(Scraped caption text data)
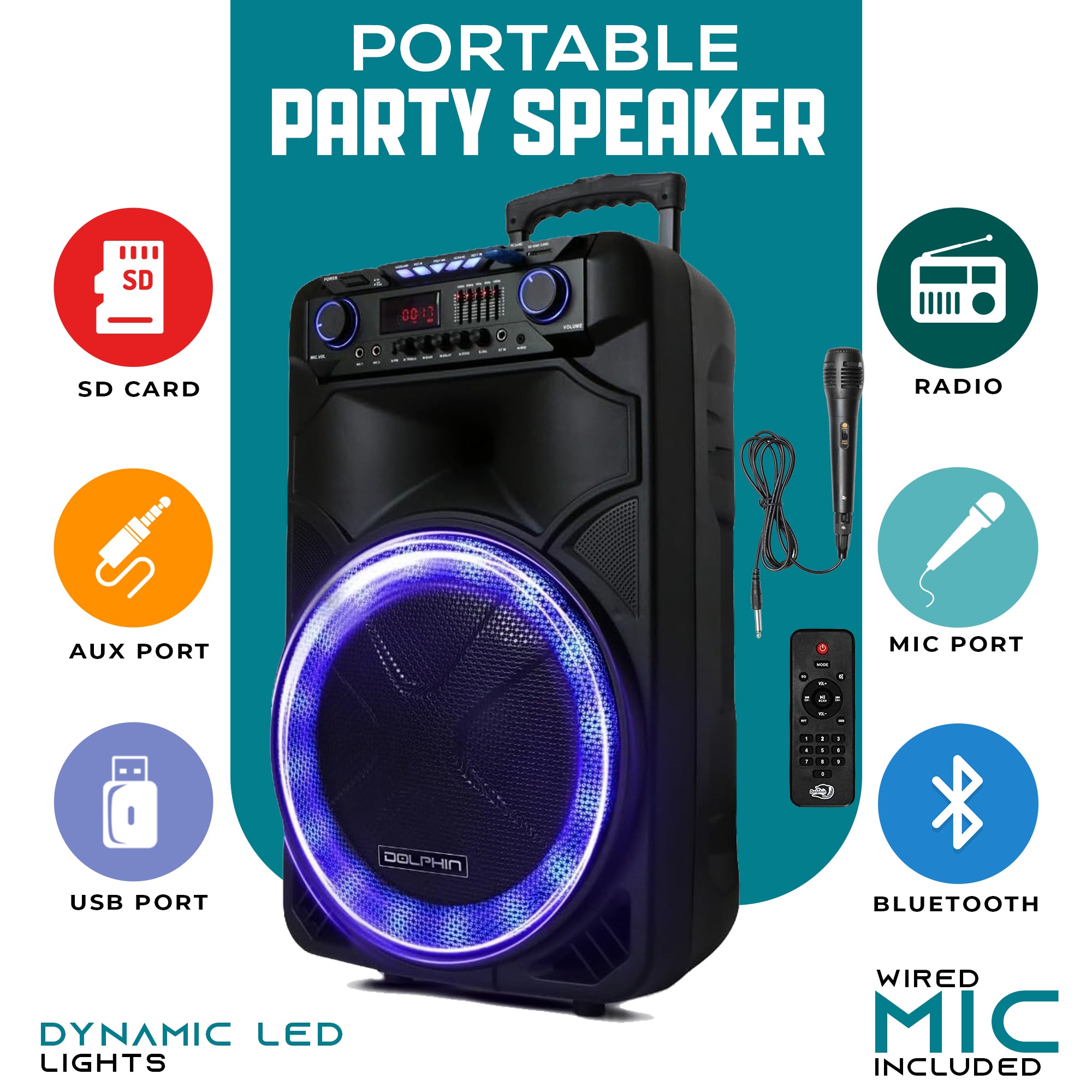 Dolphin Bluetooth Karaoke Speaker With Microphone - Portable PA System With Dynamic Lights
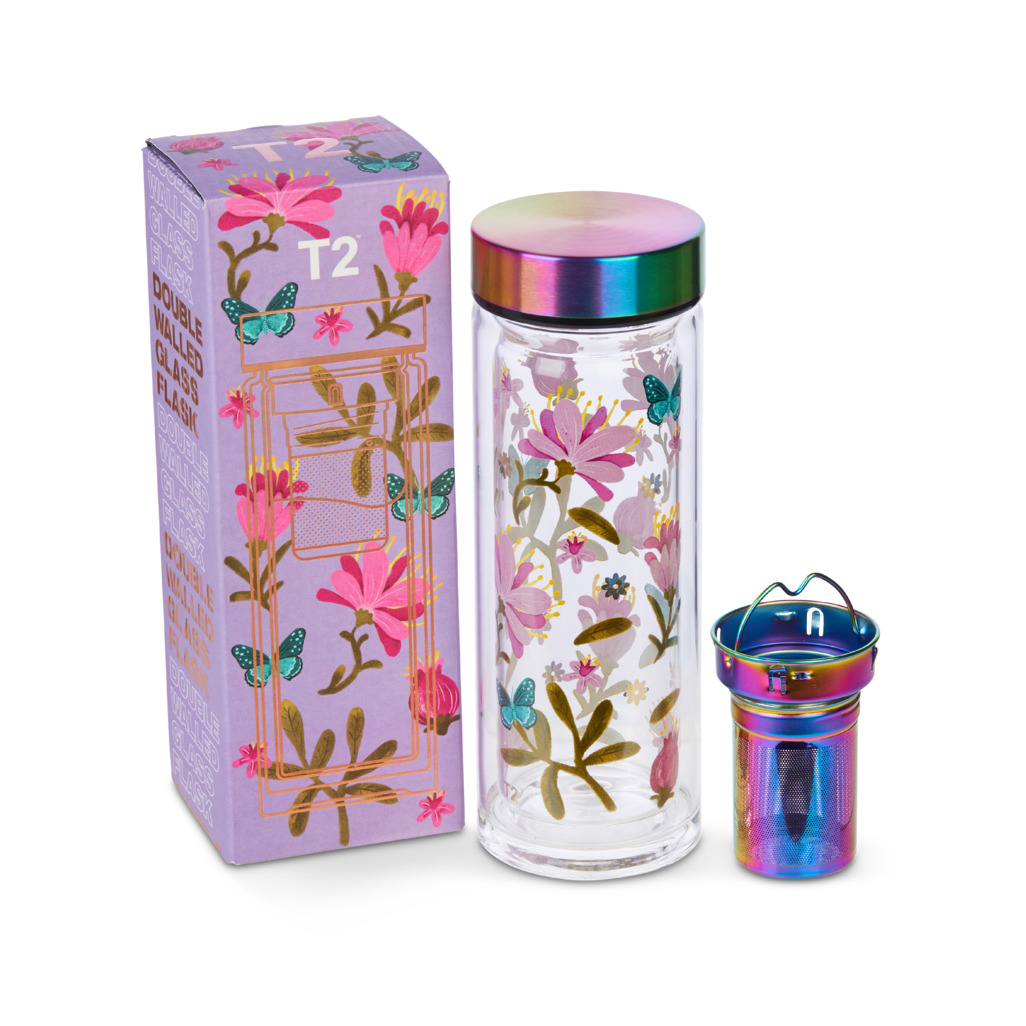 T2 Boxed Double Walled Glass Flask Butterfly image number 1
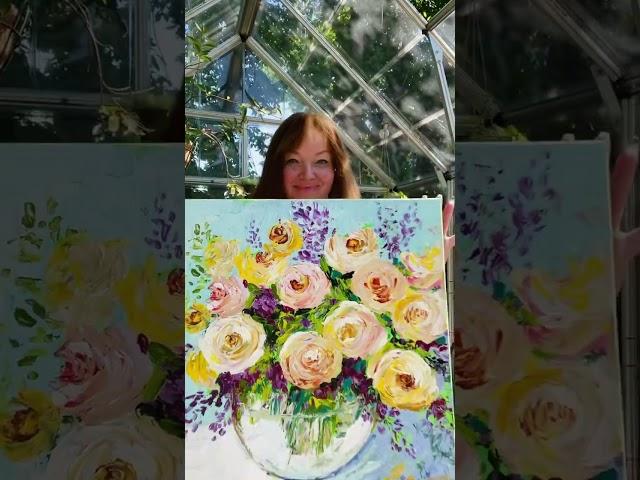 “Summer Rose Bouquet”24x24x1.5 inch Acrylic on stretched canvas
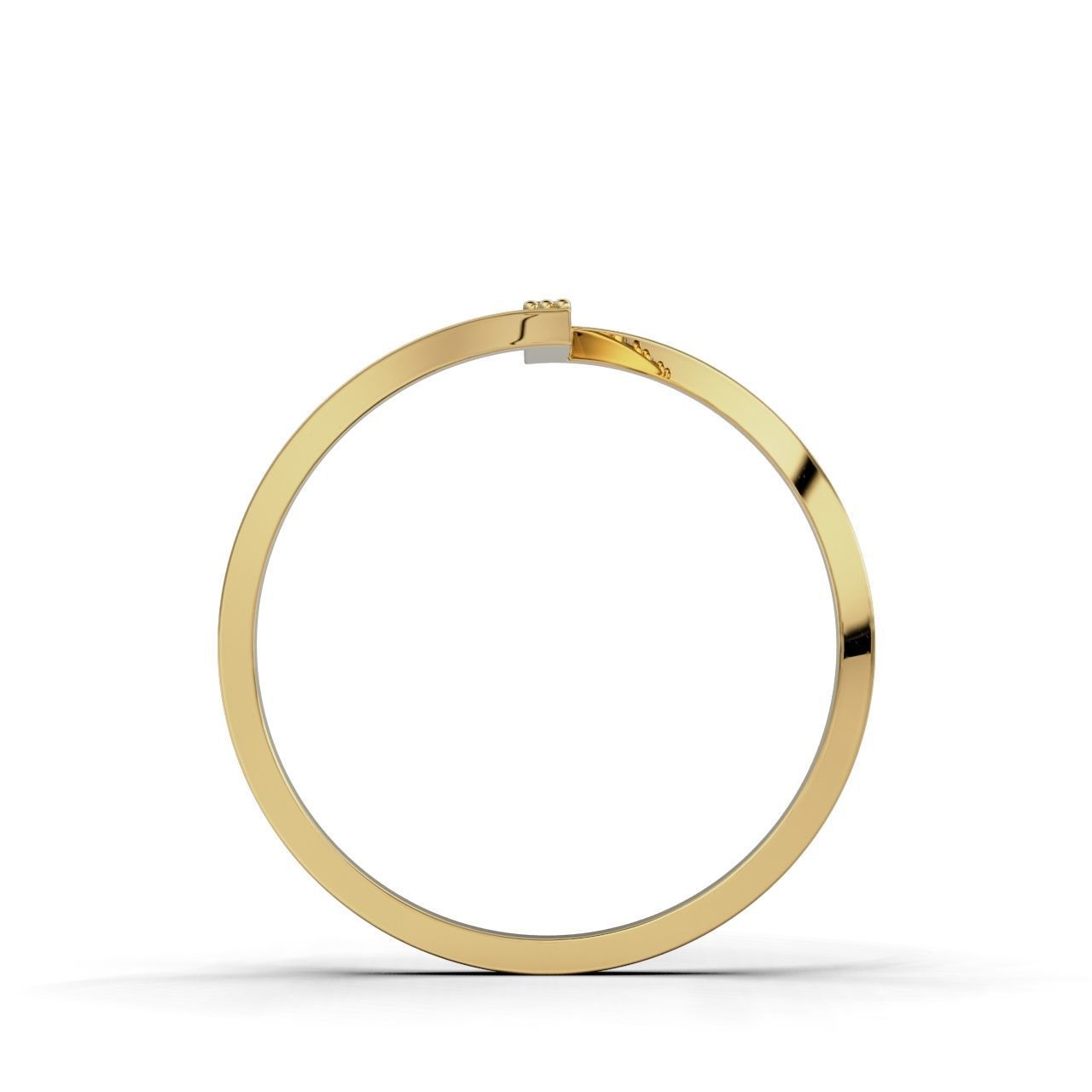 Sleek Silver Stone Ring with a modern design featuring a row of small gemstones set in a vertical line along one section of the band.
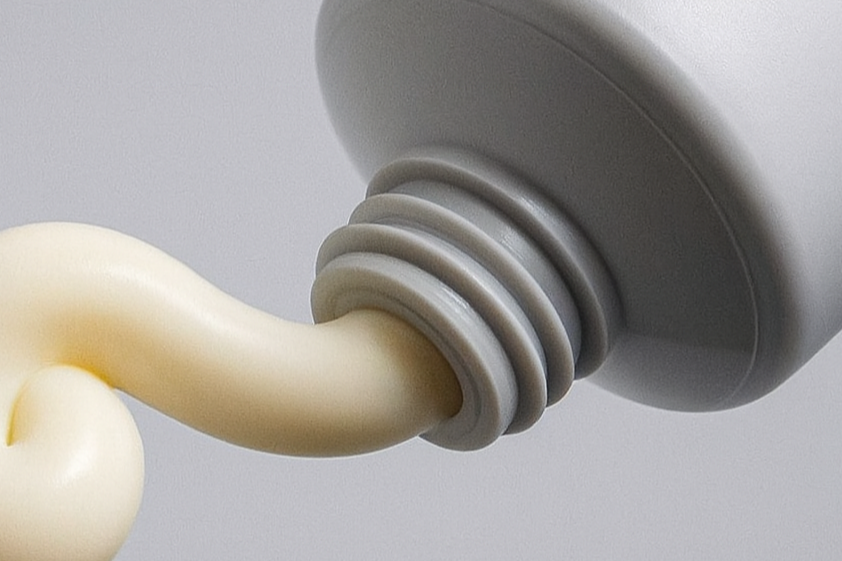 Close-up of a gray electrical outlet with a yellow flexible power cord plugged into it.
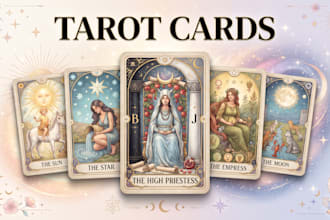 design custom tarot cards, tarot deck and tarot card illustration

* WHAT IS EXPECTED: What you output should match the records line for line, minus the pictures.

* TASK ANSWER:
 Dolphin Bluetooth Karaoke Speaker With Microphone - Portable PA System With Dynamic Lights
 T2 Boxed Double Walled Glass Flask Butterfly image number 1
 “Summer Rose Bouquet”24x24x1.5 inch Acrylic on stretched canvas
 Sleek Silver Stone Ring with a modern design featuring a row of small gemstones set in a vertical line along one section of the band.
 Close-up of a gray electrical outlet with a yellow flexible power cord plugged into it.
 design custom tarot cards, tarot deck and tarot card illustration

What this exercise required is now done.